ということは、丸パクされてるよ、と言われても そもそも丸パクはできない、ということ。ということは、類似の何かを聞く方にとっては、質の落ちたコピーにお金払って聞いている、ということになります。そうならないために、選ぶ側がオリジナルをきちんとチョイスして学ぶ姿勢を身につけたい。
以前パクっていると聞いた相手に、当方の事務局から直接 開催の中止をしていただくよう申し入れたことがあります。その際のやりとりで感じたこと、そしてここ数日 同じようなことを目にして感じていることは、パクっている人にはパクっているという認識がないし、そのことに対する罪悪感もない ということ。ですから、本人が 自分はパクっているんだ と気づく ということは意外なほど難しいことなのかもしれません。でもその方のセミナーなりを主催するジム、主催者は世間から ”本物を見抜く目がない” と思われても仕方ないですよね。

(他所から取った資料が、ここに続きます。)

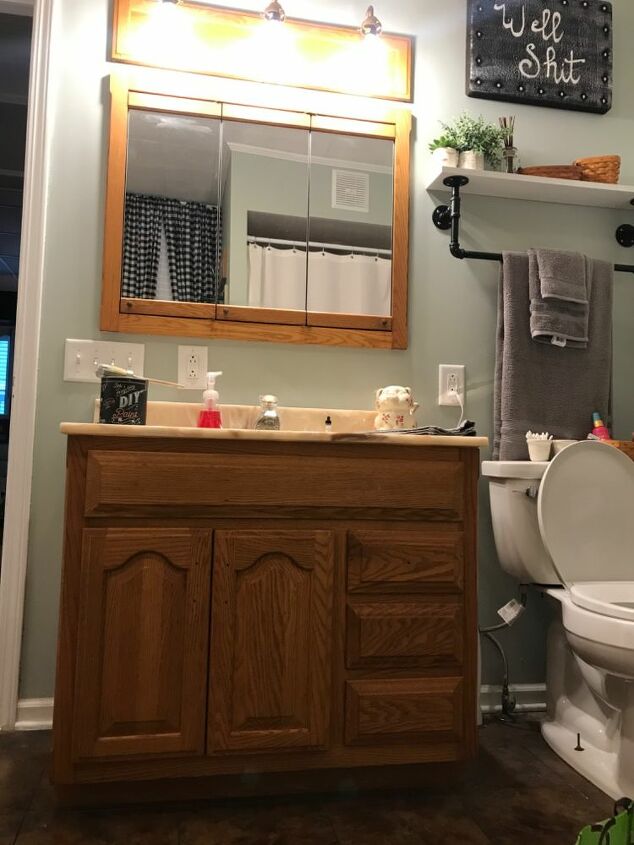 quick and easy bathroom vanity update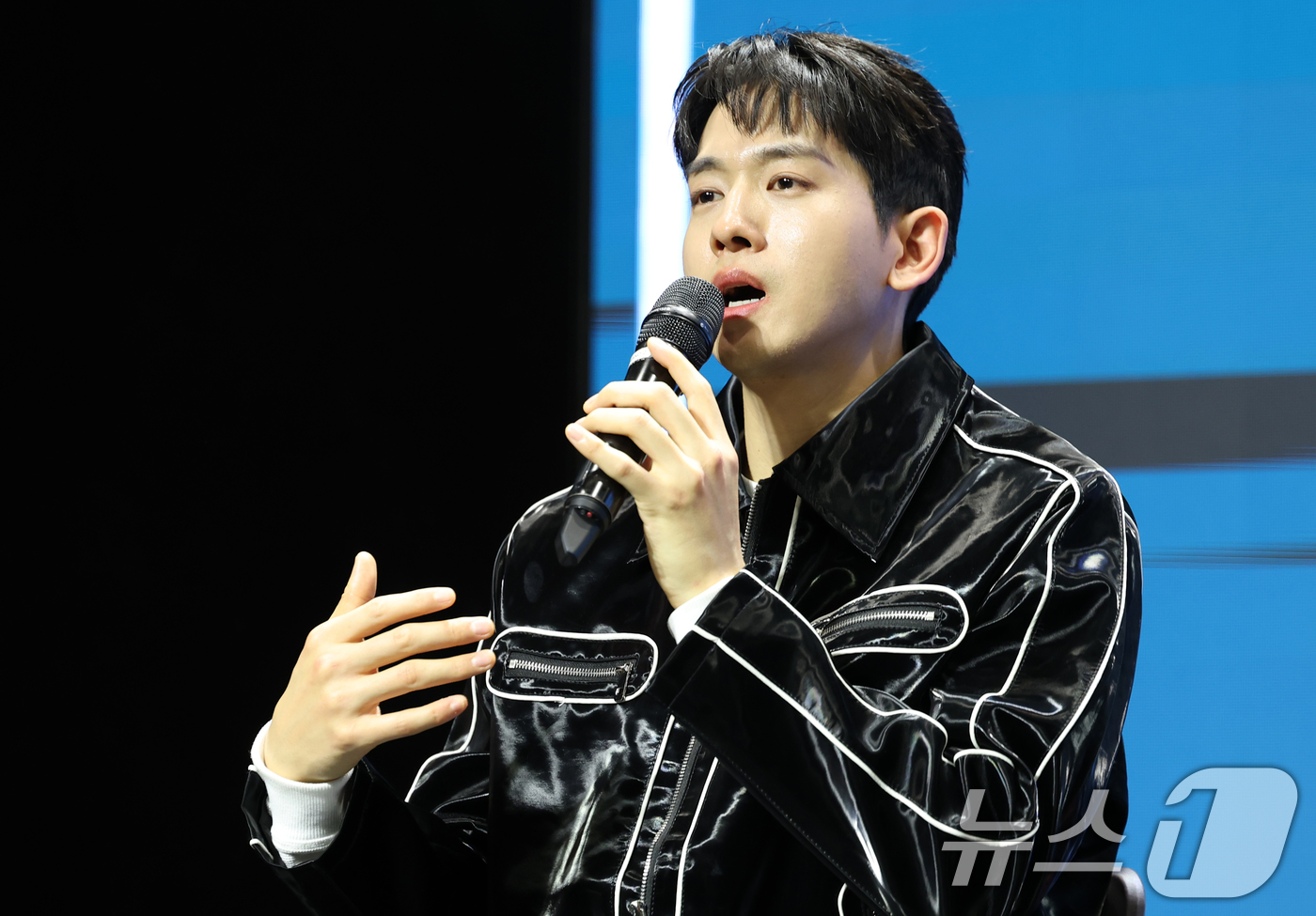 (서울=뉴스1) 권현진 기자 = 가수 류필립이 23일 오후 서울 마포구 홍대 H-STAGE에서 열린 '2025 K-POP WEEK in HONGDAE'기자간담회에 참석해 인사말을 …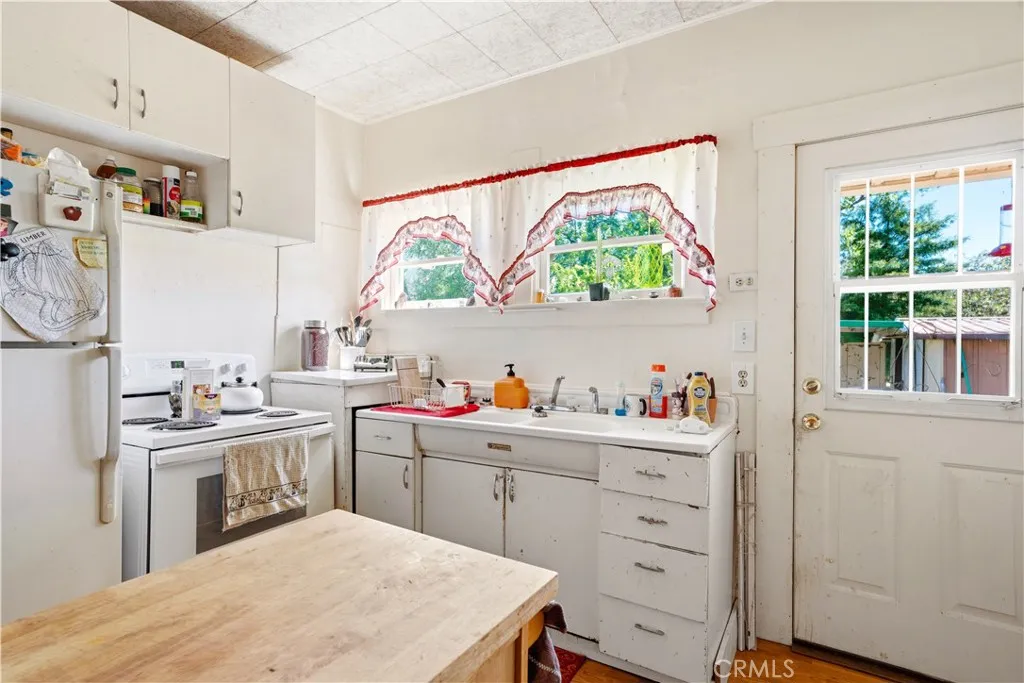 Additional image 17 of 76260 Perry St, Covelo, CA 95428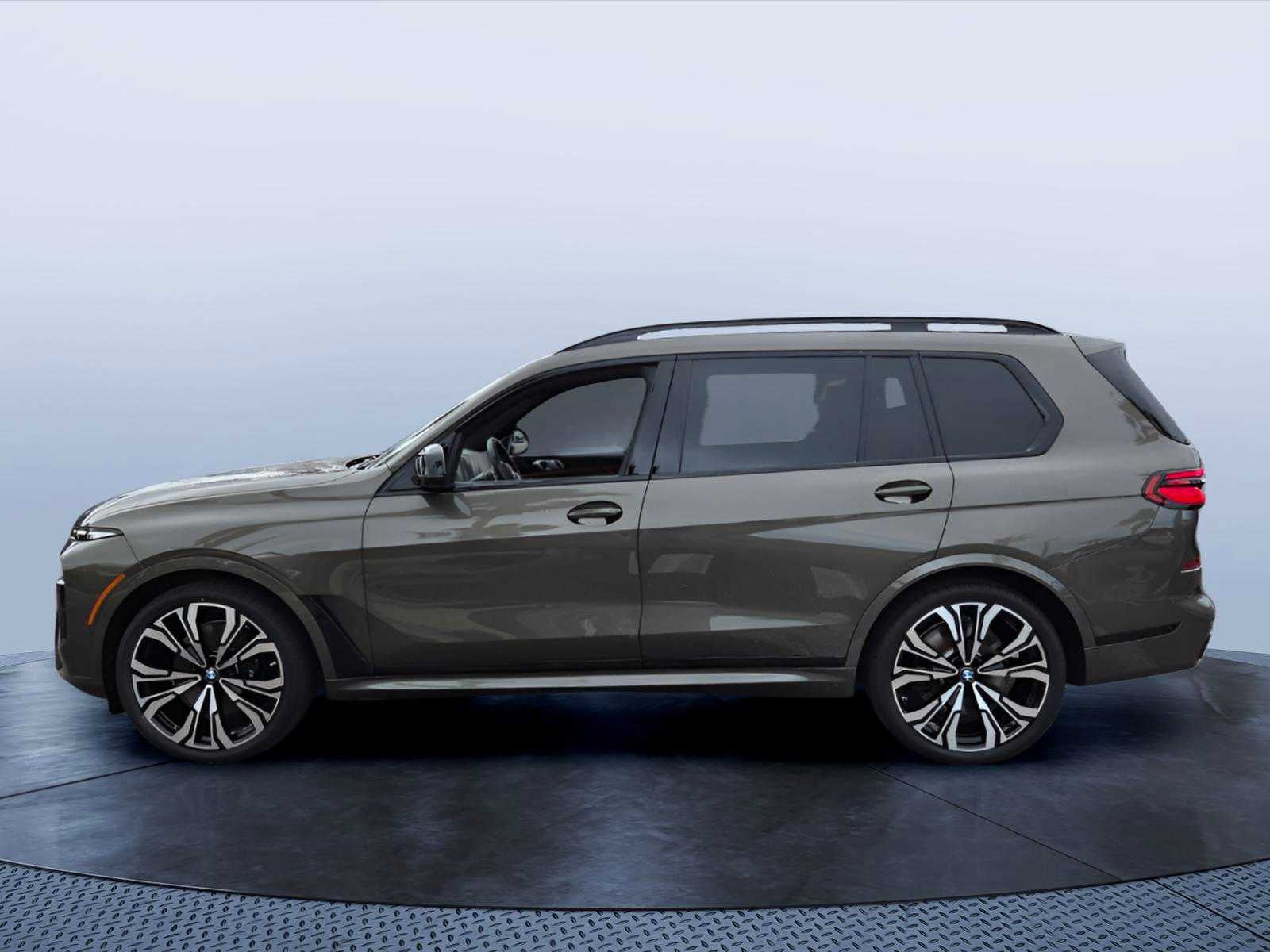 2024 BMW X7 M60i M60i
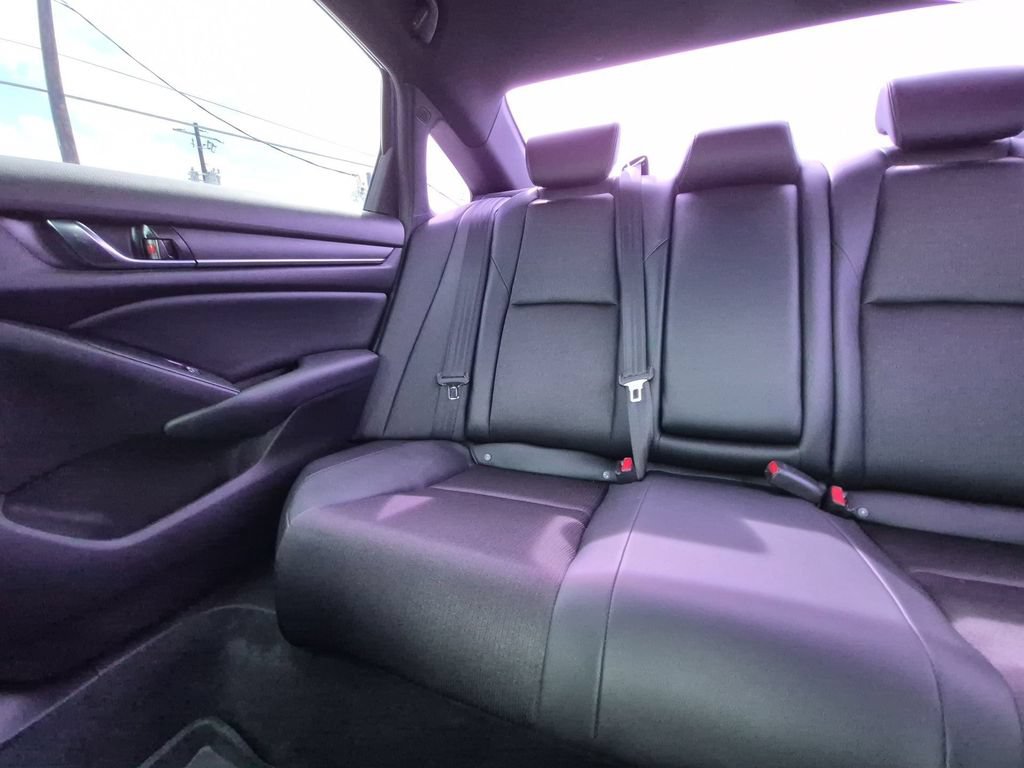 Used 2022 Honda Accord Sport image 4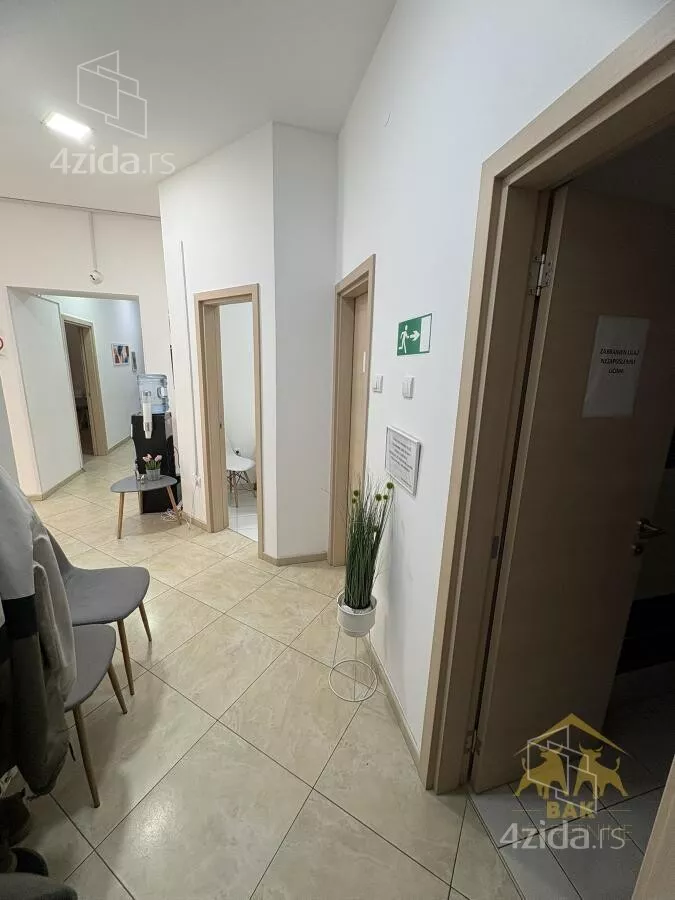 Poslovni prostor | 4zida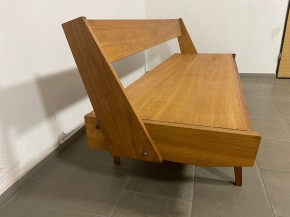 Extendable sofa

私は漢方について学んでも、アンチエイジングについて学んでも、スポーツ栄養学について学んでも、メンタルについて学んでも、ビジネススキルについて学んでも、それらに関するセミナーを開催することはありません。あたりまえです。それはもちろん、自分がそれらについてのスペシャリストではないことを自分でわかっているから。トレーニングのスペシャリストがアンチエイジングのスペシャリストでもあること、女性ホルモンのスペシャリストがメンタルヘルスのスペシャリストでもあることはまずない、あったとしてもどちらかがより得意分野で、どちらかは比べてみれば得意ではなかったりするわけ。人に教える なんてことは、自分の本当の本当の得意分野であったとしても難しいことであるはずなのに。
実技系のセミナーであれば、きっと丸パクは無理。講師が持っているスキルは セミナーに参加してしまえば一目瞭然でしょうから。しかし、知識・情報系のセミナーは 同じような話しをしようと思えばできなくもないでしょう。でも結局思うところは、誰から学ぶのか。そこに尽きるわけです。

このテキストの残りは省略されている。